Let $X \sim $Poisson(1) i.e. we have $P(X=k)= \frac{e^{-1}}{k!}$ for $k=0,1,2, \dots,$ and furthermore $E(X)=1=$Var$(X)$

Now consider a sequence of i.i.d. Poisson(1) RVs $X_1,X_2, \dots ,$ we then know that $(X_1 + \dots + X_n) \sim $Poisson($n$)

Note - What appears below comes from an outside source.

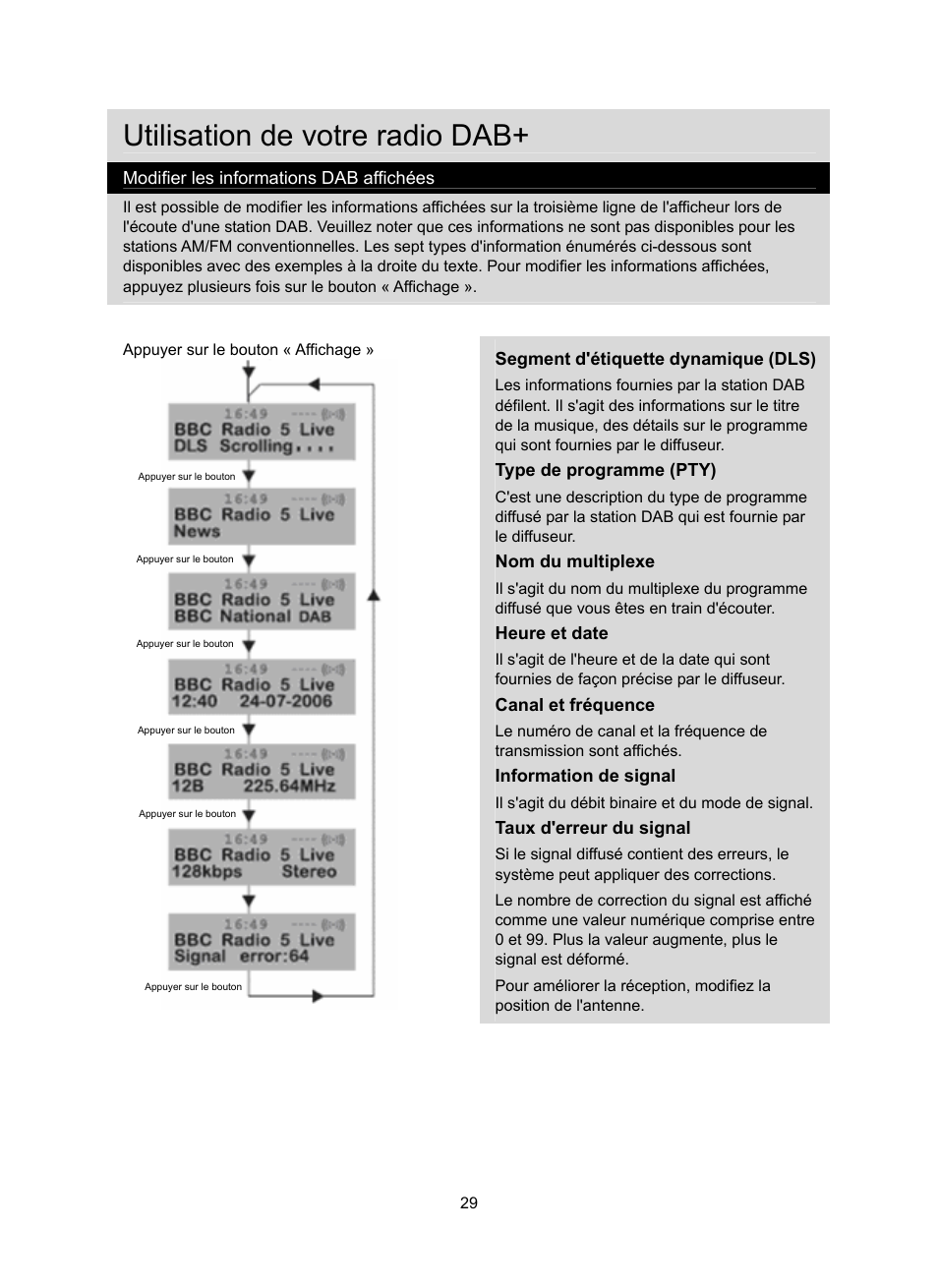 Utilisation de votre radio dab | Konig Electronic DAB+ retro radio User Manual | Page 29 / 201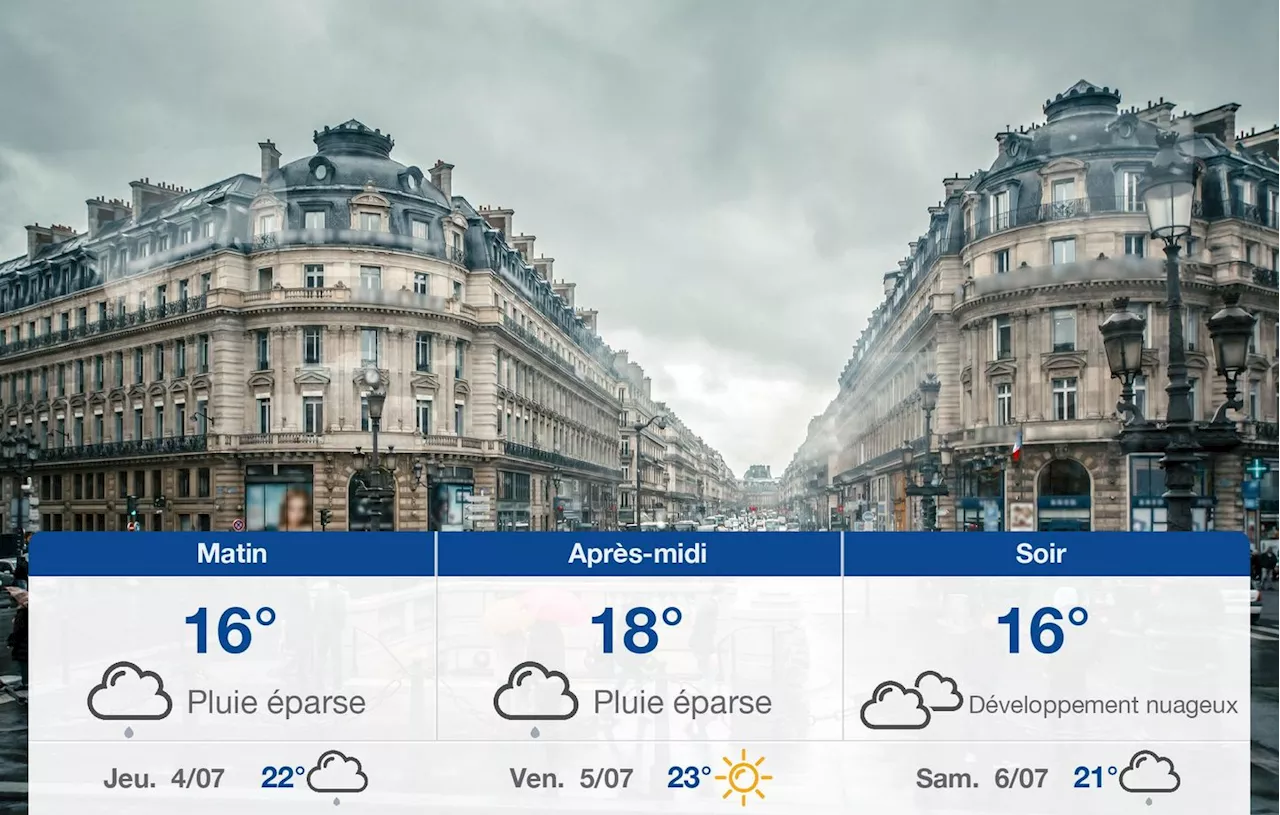 Météo Paris: prévisions du mercredi 3 juillet 2024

Lets now define yet another RV $Y_n$ as $$Y_n:= \frac{X_1 + \dots + X_n -n}{\sqrt{n}} $$ Then by the CLT we have that $Y_n \implies \mathcal{N}(0,1)$ where the arrow denotes weak convergence or convergence in distribution. This is equivalent to saying that $$P(Y_n >x) \to P(\mathcal{N} >x) \ , \forall x \in \mathbb{N} \text{ as } n \to \infty $$ But on the LHS of the above we obtain by Chebyshev's Inequality that $$ P(Y_n >x) = P(S_n-n > x \sqrt{n}) \leq \frac{1}{(x \sqrt{n})^2}\text{Var}(S_n)= \frac{1}{x^2} $$ Furthermore we have $\int_1^\infty 1/x^2 dx < \infty$, which justifies by Lebesgue dominate convergence that $$ \int_0^\infty P(Y_n >x) dx \to \int_0^\infty P ( \mathcal{N}>x)dx= \frac{1}{\sqrt{2 \pi}}\int_0^\infty y \exp \left( \frac{-y^2}{2}\right)dy = \frac{1}{\sqrt{2 \pi}} $$ My questions concerns the LHS of the above statement. Namely my Professor said that $$ \int_0^\infty P(Y_n >x)dx = E(Y_n^+)\overset{?}= e^{-n} \sum_{j=n+1}^\infty \frac{n^j}{j!} \left( \frac{j-n}{\sqrt{n}} \right) \overset{\checkmark}= \frac{e^{-n}}{\sqrt{n}} \frac{n^{n+1}}{n!} \tag{?} $$ Maybe I am missing something obvious here, I do understand that we want to compute expected value of the positive part of the random variable $Y_n$ denoted by $Y_n^+$, so I believe what my Professor actually is calculating is $$E(Y_n^+)=E(Y_n 1_{S_n \geq n}) $$ But I haven't dealt with such expected values in Class. Can maybe someone elaborate on the 'missing' steps?

Answer 1

The desired quantity to calculate is indeed $ E[Y_nI(S_n\ge n)].$ Since $Y_n:=\frac{S_n-n}{\sqrt n}$, this is the same as $$E\left[ \frac{S_n-n}{\sqrt n}I(S_n\ge n)\right].$$

To evaluate, use the familiar formula $$E[g(S_n)]=\sum_{j=0}^\infty g(j)P(S_n=j)\tag1$$ with the function $$ g(j):= \frac{j-n}{\sqrt n}I(j\ge n).\tag2$$ When you plug (2) into (1), you'll get zero if $j\le n$, and if $j>n$ the indicator equals 1. This should yield the RHS of ($\stackrel?=$), once you substitute the Poisson($n$) pdf for $P(S_n=j)$.